> _Exercise aim_
The data must be returned exactly. No line may be left out.

Start of Block

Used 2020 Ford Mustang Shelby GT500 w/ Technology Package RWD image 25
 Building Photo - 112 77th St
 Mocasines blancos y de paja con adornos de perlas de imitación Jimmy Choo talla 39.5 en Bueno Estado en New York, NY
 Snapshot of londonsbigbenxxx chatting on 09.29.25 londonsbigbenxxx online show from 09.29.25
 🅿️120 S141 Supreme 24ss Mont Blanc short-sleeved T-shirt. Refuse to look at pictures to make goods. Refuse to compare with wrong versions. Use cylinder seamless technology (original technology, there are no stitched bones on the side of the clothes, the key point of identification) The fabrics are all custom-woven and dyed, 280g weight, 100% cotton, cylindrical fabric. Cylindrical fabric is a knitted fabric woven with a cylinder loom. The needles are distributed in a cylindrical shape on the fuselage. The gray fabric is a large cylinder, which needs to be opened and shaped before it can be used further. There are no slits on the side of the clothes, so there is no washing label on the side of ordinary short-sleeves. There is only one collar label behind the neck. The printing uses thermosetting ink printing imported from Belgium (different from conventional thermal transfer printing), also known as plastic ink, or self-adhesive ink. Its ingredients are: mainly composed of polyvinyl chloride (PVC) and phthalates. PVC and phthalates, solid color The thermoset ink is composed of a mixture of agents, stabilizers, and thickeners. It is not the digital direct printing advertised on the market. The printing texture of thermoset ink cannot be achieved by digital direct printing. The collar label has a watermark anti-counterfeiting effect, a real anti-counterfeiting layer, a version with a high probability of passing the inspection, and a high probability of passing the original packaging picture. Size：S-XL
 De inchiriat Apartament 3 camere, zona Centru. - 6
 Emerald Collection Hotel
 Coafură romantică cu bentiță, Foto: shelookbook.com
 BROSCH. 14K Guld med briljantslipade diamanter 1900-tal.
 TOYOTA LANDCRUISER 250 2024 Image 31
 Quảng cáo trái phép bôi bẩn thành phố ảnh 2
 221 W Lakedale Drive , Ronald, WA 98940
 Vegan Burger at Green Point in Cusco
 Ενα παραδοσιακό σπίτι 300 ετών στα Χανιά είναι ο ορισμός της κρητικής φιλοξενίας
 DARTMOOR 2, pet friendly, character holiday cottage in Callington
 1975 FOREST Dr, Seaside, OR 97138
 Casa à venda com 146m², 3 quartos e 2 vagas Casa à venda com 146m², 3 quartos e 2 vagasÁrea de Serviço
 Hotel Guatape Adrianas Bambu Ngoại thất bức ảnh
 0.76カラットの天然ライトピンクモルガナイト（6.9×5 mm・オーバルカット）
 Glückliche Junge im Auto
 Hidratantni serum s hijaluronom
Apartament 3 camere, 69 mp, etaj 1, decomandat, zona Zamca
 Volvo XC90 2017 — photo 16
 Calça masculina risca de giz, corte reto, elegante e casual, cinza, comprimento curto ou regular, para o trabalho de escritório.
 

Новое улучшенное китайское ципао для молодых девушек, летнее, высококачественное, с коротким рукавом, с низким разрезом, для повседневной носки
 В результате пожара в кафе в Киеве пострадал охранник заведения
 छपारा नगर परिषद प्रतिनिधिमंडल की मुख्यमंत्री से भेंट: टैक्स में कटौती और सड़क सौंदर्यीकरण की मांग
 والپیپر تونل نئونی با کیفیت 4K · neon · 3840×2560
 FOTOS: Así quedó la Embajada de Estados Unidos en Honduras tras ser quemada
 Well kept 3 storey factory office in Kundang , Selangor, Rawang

End of Block

> _Answer space_
Used 2020 Ford Mustang Shelby GT500 w/ Technology Package RWD image 25
 Building Photo - 112 77th St
 Mocasines blancos y de paja con adornos de perlas de imitación Jimmy Choo talla 39.5 en Bueno Estado en New York, NY
 Snapshot of londonsbigbenxxx chatting on 09.29.25 londonsbigbenxxx online show from 09.29.25
 🅿️120 S141 Supreme 24ss Mont Blanc short-sleeved T-shirt. Refuse to look at pictures to make goods. Refuse to compare with wrong versions. Use cylinder seamless technology (original technology, there are no stitched bones on the side of the clothes, the key point of identification) The fabrics are all custom-woven and dyed, 280g weight, 100% cotton, cylindrical fabric. Cylindrical fabric is a knitted fabric woven with a cylinder loom. The needles are distributed in a cylindrical shape on the fuselage. The gray fabric is a large cylinder, which needs to be opened and shaped before it can be used further. There are no slits on the side of the clothes, so there is no washing label on the side of ordinary short-sleeves. There is only one collar label behind the neck. The printing uses thermosetting ink printing imported from Belgium (different from conventional thermal transfer printing), also known as plastic ink, or self-adhesive ink. Its ingredients are: mainly composed of polyvinyl chloride (PVC) and phthalates. PVC and phthalates, solid color The thermoset ink is composed of a mixture of agents, stabilizers, and thickeners. It is not the digital direct printing advertised on the market. The printing texture of thermoset ink cannot be achieved by digital direct printing. The collar label has a watermark anti-counterfeiting effect, a real anti-counterfeiting layer, a version with a high probability of passing the inspection, and a high probability of passing the original packaging picture. Size：S-XL
 De inchiriat Apartament 3 camere, zona Centru. - 6
 Emerald Collection Hotel
 Coafură romantică cu bentiță, Foto: shelookbook.com
 BROSCH. 14K Guld med briljantslipade diamanter 1900-tal.
 TOYOTA LANDCRUISER 250 2024 Image 31
 Quảng cáo trái phép bôi bẩn thành phố ảnh 2
 221 W Lakedale Drive , Ronald, WA 98940
 Vegan Burger at Green Point in Cusco
 Ενα παραδοσιακό σπίτι 300 ετών στα Χανιά είναι ο ορισμός της κρητικής φιλοξενίας
 DARTMOOR 2, pet friendly, character holiday cottage in Callington
 1975 FOREST Dr, Seaside, OR 97138
 Casa à venda com 146m², 3 quartos e 2 vagas Casa à venda com 146m², 3 quartos e 2 vagasÁrea de Serviço
 Hotel Guatape Adrianas Bambu Ngoại thất bức ảnh
 0.76カラットの天然ライトピンクモルガナイト（6.9×5 mm・オーバルカット）
 Glückliche Junge im Auto
 Hidratantni serum s hijaluronom
Apartament 3 camere, 69 mp, etaj 1, decomandat, zona Zamca
 Volvo XC90 2017 — photo 16
 Calça masculina risca de giz, corte reto, elegante e casual, cinza, comprimento curto ou regular, para o trabalho de escritório.
 

Новое улучшенное китайское ципао для молодых девушек, летнее, высококачественное, с коротким рукавом, с низким разрезом, для повседневной носки
 В результате пожара в кафе в Киеве пострадал охранник заведения
 छपारा नगर परिषद प्रतिनिधिमंडल की मुख्यमंत्री से भेंट: टैक्स में कटौती और सड़क सौंदर्यीकरण की मांग
 والپیپر تونل نئونی با کیفیت 4K · neon · 3840×2560
 FOTOS: Así quedó la Embajada de Estados Unidos en Honduras tras ser quemada
 Well kept 3 storey factory office in Kundang , Selangor, Rawang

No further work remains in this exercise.